When deploying Azure resources always check with the person paying the bill!
In the case of the processing framework, the intention is to keep resources running as cheaply as possible. That said, the following is expected in terms of service tiers.
|Data Factory||v2||Data Flow activities are not used as part of the processing framework so the default auto resolving Azure Integration Runtime can be used.|
|Synapse||N/A||Data Flow activities are not used as part of the processing framework so the default auto resolving Azure Integration Runtime can be used.|
|SQL Database||S2||Using a provisioned service tier rather than serverless is recommended to avoid framework start up failures.|
|Functions App||Consumption Plan||Deployments done using code to a Windows host wit support for .Net Core 3.1|
The service limitations for the processing framework are inherited from Microsoft’s Azure Resource limitations. For the service tiers described above the first resource limitation you’ll likely hit will be for the orchestrator and the allowed number of pipeline activity runs per subscription and IR region.

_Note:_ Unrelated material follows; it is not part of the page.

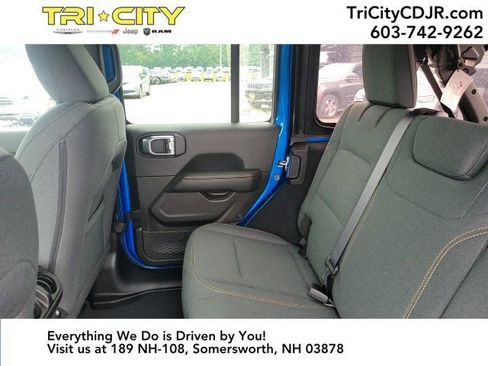 New 2024 Jeep Wrangler Sahara image 26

|Limit Detail||Default Limit||Maximum Limit|
|Concurrent External activity runs per subscription per Azure Integration Runtime region. External activities are managed on integration runtime but execute on linked services, including Databricks, stored procedure, HDInsights, Web, and others. This limit does not apply to Self-hosted IR.||3,000||3,000|
|Concurrent Pipeline activity runs per subscription per Azure Integration Runtime region. Pipeline activities execute on integration runtime, including Lookup, GetMetadata, and Delete. This limit does not apply to Self-hosted IR.||1,000||1,000|
Within the framework defining internal and external activities can be difficult as this greatly depends on your worker pipelines and how long the infant pipeline is going to wait between complete status checks.
However, for a single execution stage, in a single batch, triggered from the parent pipeline using the default linked service/intergration runtime setup and with with 50 concurrent worker pipeline. This will generate approximatley 700 activity runs within your framework Data Factoy instance. Using a 30 second infant pipeline wait duration.
At the point of testing, no other orchestrator instances were present on an isolated Azure Subscription and worker pipelines were running in a different Azure tenant.
This gives a theorical maximum degree of parallelism of 285 worker pipelines.
It is possible to push these service limitations by creating a custom set of Azure Integration Runtimes for the orchestrator and tuning specific parts of the framework pipelines to reduce the number of internal activity calls. If you hit activity run failures during a framework execution run and this is isolated within a subscription please email firstname.lastname@example.org for support. To that end, stress testing of the framework has been done using 20 concurrent execution batches, each calling 50 worker pipelines to achieve a maximum degree of parallelism of 1000 worker pipelines. This was done under ideal conditions and using a custom configuration of 4x Azure Integration Runtimes, in different Azure Regions.